Springtime is one of my favourite times of the year. The world becomes much more colourful after the empty days of winter.
In winter, there’s not much to see outside because the days are short and, most importantly, very cold. I don’t want to get out of bed in winter because it’s so cold and dull outside!
That’s why I’m glad spring is arriving. I can see buds on trees, and flowers such as tulips, snowdrops, daffodils and crocuses blooming. It’s this time of year that I help my mummy and sister do some gardening ready for summer. Just last week I helped plant some sweet peas, and they’re already 10cm tall!
Over the next few weeks, we’ll be doing more work in the garden. I’m going to help with planting more seeds so that we can grow peas, beans, sweetcorn, potatoes, onions, tomatoes, beetroot, radishes, cucumber, peppers and courgettes. My sister also grows herbs, salad, kale and even red and white strawberries!
I have always found the scope of the landscapes of our world impressive; they show me how powerful and fascinating nature can be. This is why I was so pleased when the BBC decided to produce a sequel series to Planet Earth, the aptly named Planet Earth II.
I’ve especially enjoyed re-watching the series lately because at this time of the year, I can actually see life and nature blooming around me, just like in Planet Earth II.
Planet Earth II, broadcast in late 2016, builds on the original series by delving into new environments and wildlife.
Narrated by the famous naturalist Sir David Attenborough, Planet Earth II has fascinated a new generation with its awe-inspiring photography and easily understandable narration.
The visual style of Planet Earth II is one of its most striking features, which has attracted many new viewers. I enjoyed the cinematography; many scenes were shot in a dynamic style. The scenery and wildlife looks interesting and full of life.
The jungles and rainforests were so vibrant, lush and teeming with life. It reminds me of the woods at Forty Hall and Trent Park, where the icy lakes and puddles have now thawed and the trees are full of greenery, just like the rainforests.
The bird’s eye angles gave the viewer an idea of the sheer size of the environments, such as islands, mountains, jungles and deserts.
There were also many close-up shots, showing the animals in greater detail, giving viewers more insight into their behaviour.
Just like I enjoy seeing these exotic animals on Planet Earth II, as spring arrives I’m looking forward to seeing lots of squirrels, baby birds and lambs.
One of my favourite parts of the ‘Islands’ episode is when the marine iguanas of Galapagos are seen feeding at the shoreline, and when smaller lizards try to catch flies bothering them. I found it humorous when crabs picked food off the iguanas’ backs as if they were grooming them.
I also enjoyed the scene where a father chinstrap penguin returned to his family’s nest. The penguin chicks looked so cute that I could stroke them!

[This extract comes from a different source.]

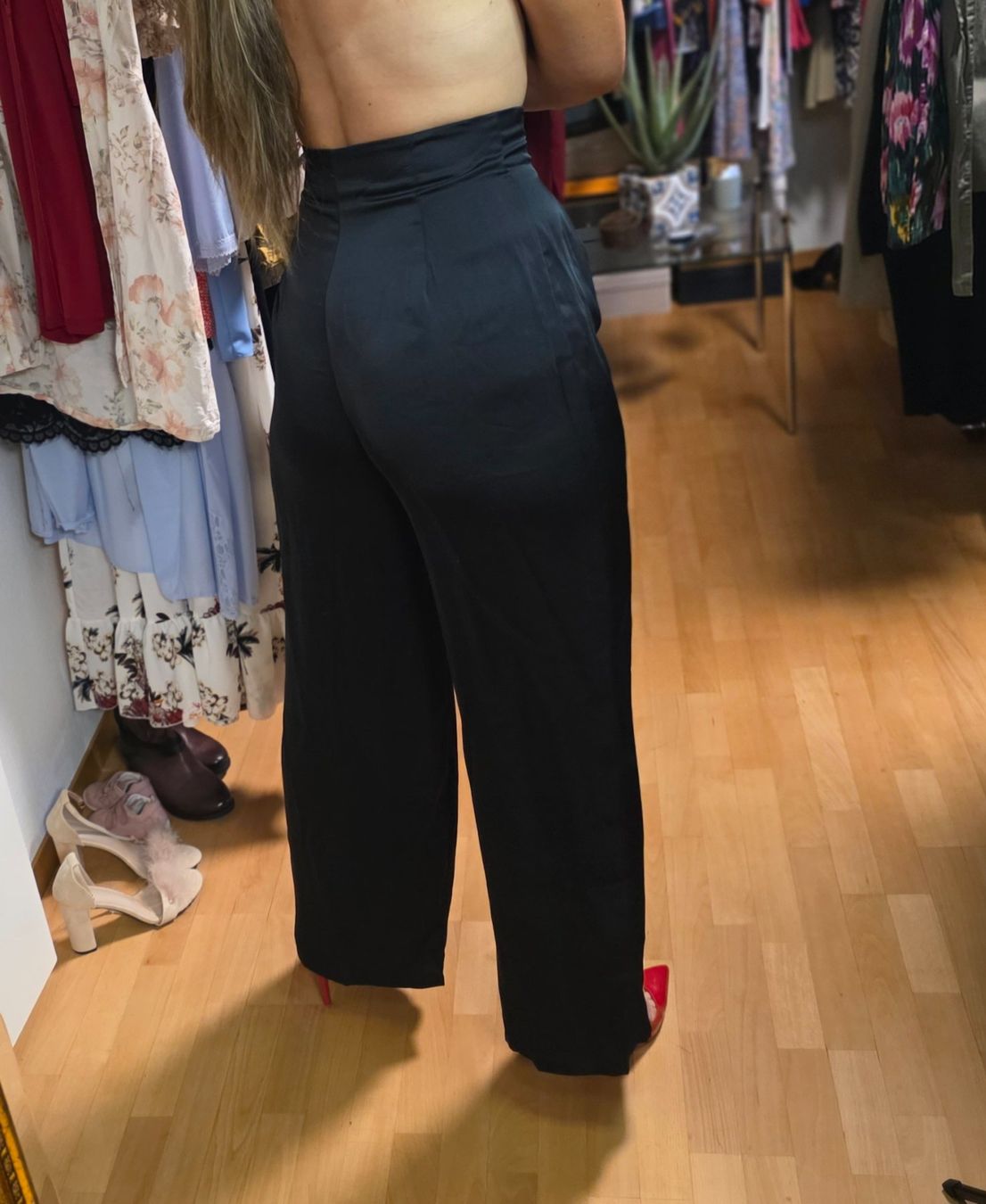 Pantaloni: Elegante, schwarze Hose Gr.38/M – Usato da Wald ZH venduto da CapLux 2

In the episode ‘Islands’, hungry racer snakes chase baby marine iguanas on the Galapagos Islands. The music is dramatic, the increasingly loud brass instruments, the drawn-out clash of cymbals and frantic drumming building tension; until the iguanas are nearly caught by the snakes, desperate to hunt them.
The fast tempo matches the pace of the iguana’s desperate getaway, giving a sense of how terrified they must be as they run for their lives.

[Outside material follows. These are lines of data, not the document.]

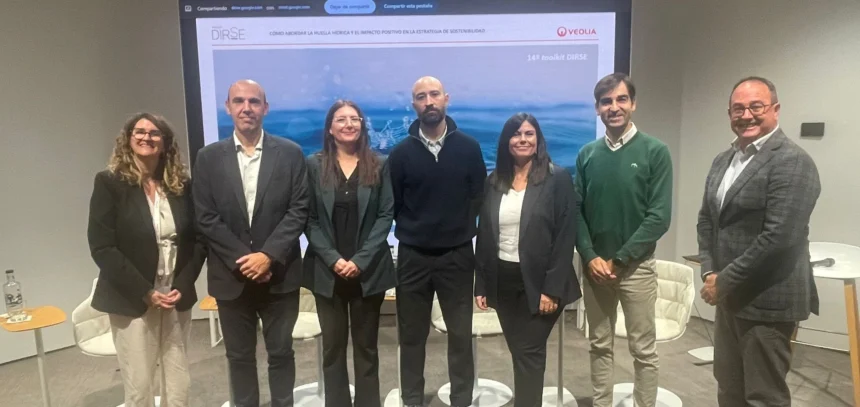 Foto de familia - de izquierda a derecha: Fernando Lázaro, Carlos Arango, Desireé Marín, Clemente Vergara, Pilar Codina, Daniel Bueno Rubio y Dulcinea Meijide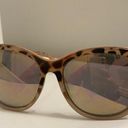 Guess Sunglasses Photo 1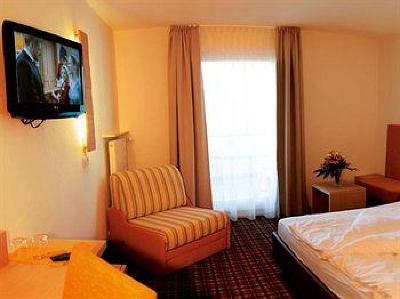 фото отеля Hotel Kristall Valdaora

Planet Earth II has received very positive reviews from critics. Christopher Hooton of The Independent calls it “the most intimate look at nature ever seen on television”. Likewise, Michael Hogan of The Telegraph praised Planet Earth II, calling the final episode ‘Cities’ a “spectacular end” to the series.
I’d recommend Planet Earth II to veteran Attenborough viewers and nature novices alike, especially at this time of year when we can all see nature blossoming around us.
Planet Earth II’s intriguing narratives and easy-to-understand commentaries mean even nature newcomers will enjoy it.